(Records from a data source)
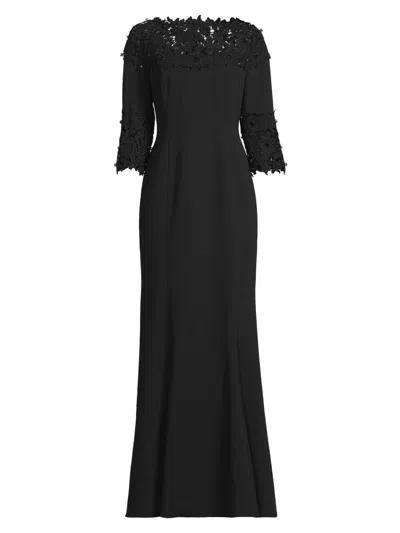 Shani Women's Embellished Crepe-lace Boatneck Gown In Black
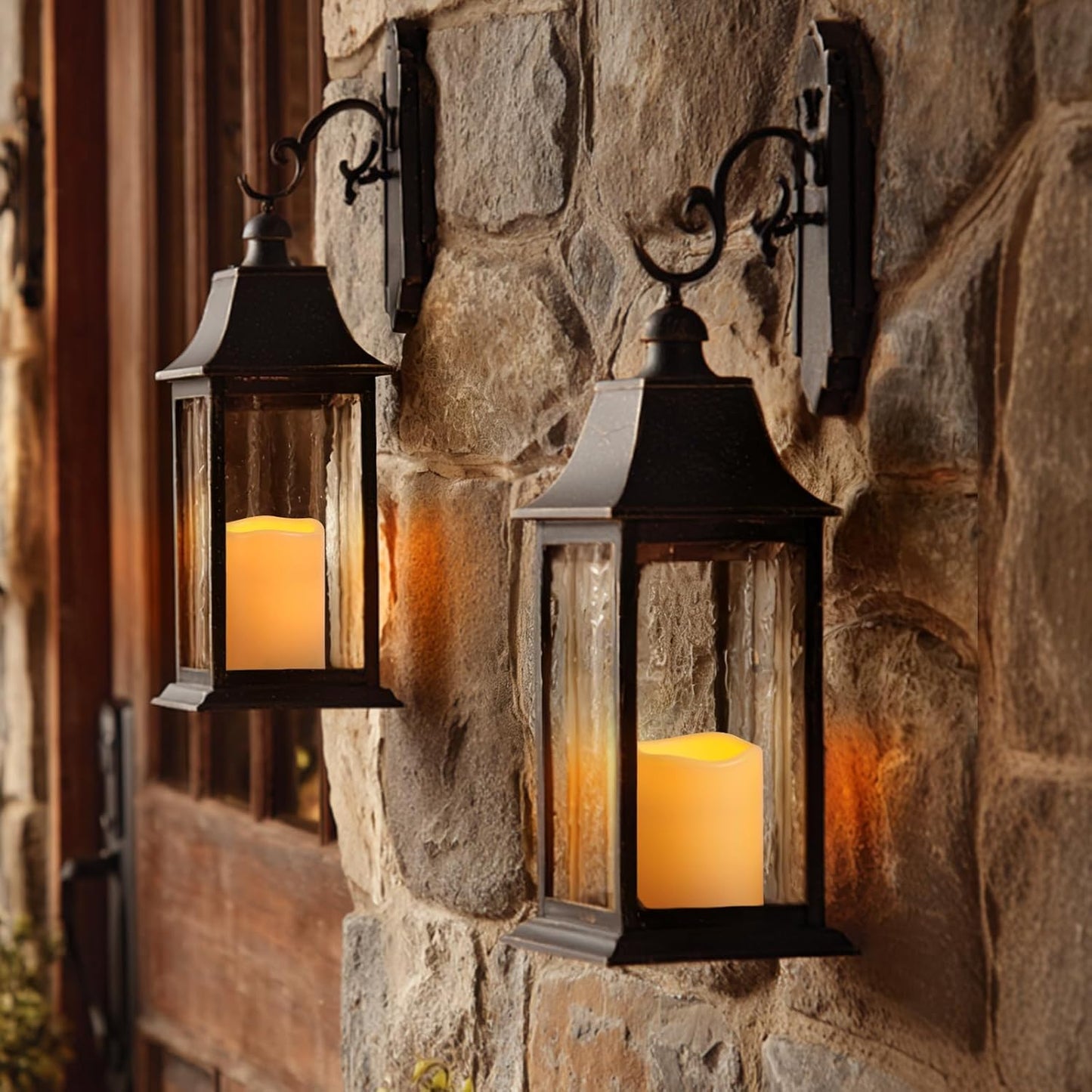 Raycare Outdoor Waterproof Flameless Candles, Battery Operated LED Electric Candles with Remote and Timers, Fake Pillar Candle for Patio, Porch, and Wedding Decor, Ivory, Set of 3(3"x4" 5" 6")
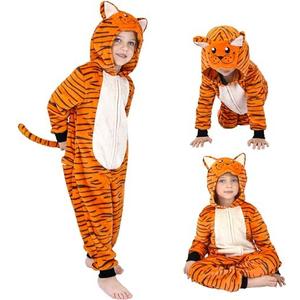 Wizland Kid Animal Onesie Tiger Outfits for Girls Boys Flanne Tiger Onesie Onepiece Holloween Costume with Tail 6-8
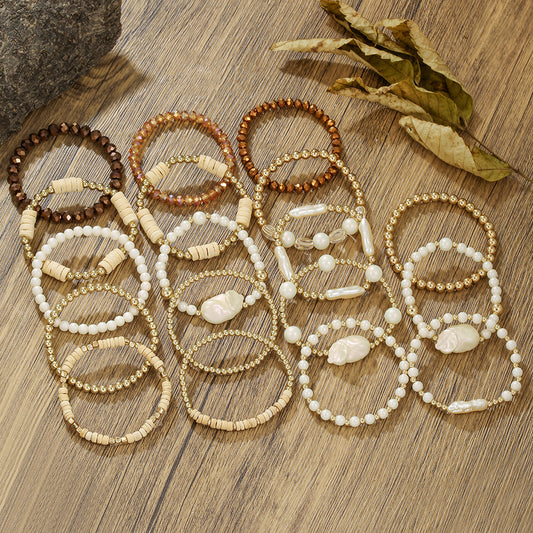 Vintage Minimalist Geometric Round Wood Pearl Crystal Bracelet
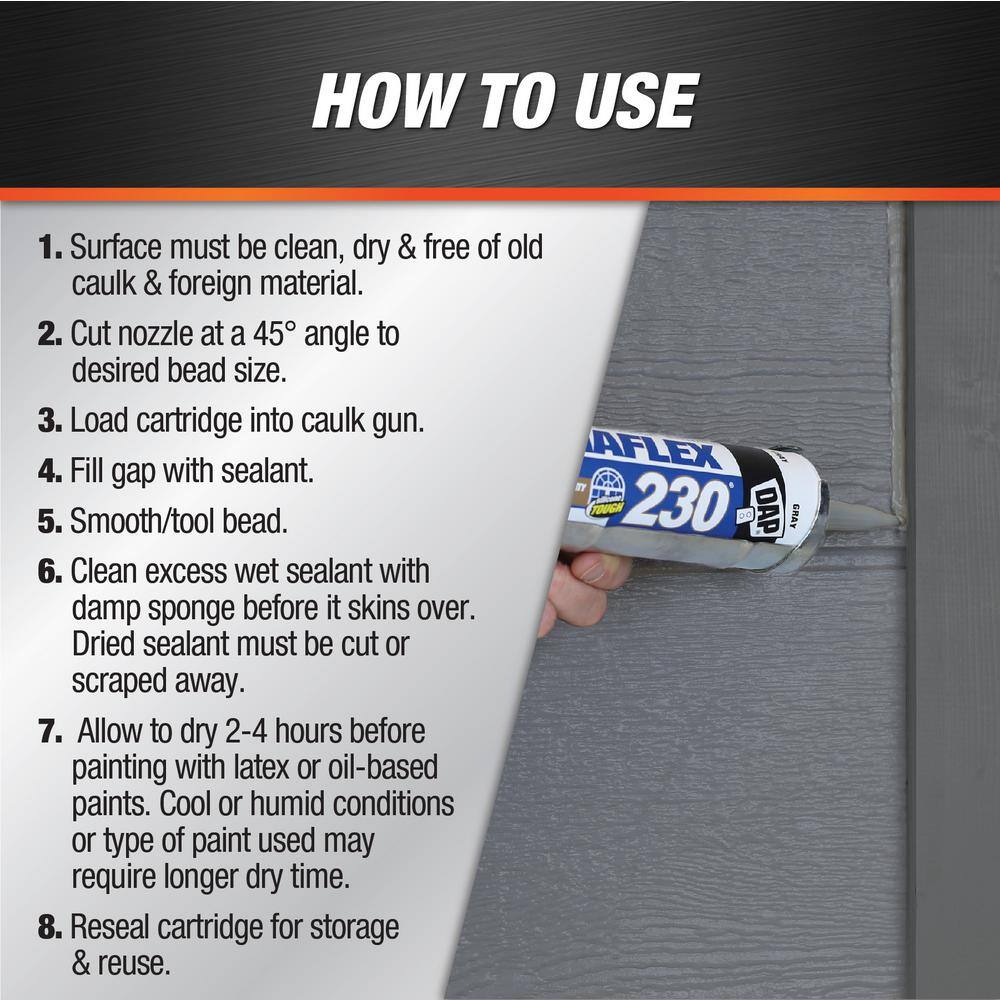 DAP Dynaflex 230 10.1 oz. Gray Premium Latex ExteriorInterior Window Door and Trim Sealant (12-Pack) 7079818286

Assignment - Retype, exactly and only, the lines from the one containing "Wizland Kid Animal" through the end of the entries, both ends included, and omit all pictures.

Exercise answer -
 Wizland Kid Animal Onesie Tiger Outfits for Girls Boys Flanne Tiger Onesie Onepiece Holloween Costume with Tail 6-8
 Vintage Minimalist Geometric Round Wood Pearl Crystal Bracelet
 DAP Dynaflex 230 10.1 oz. Gray Premium Latex ExteriorInterior Window Door and Trim Sealant (12-Pack) 7079818286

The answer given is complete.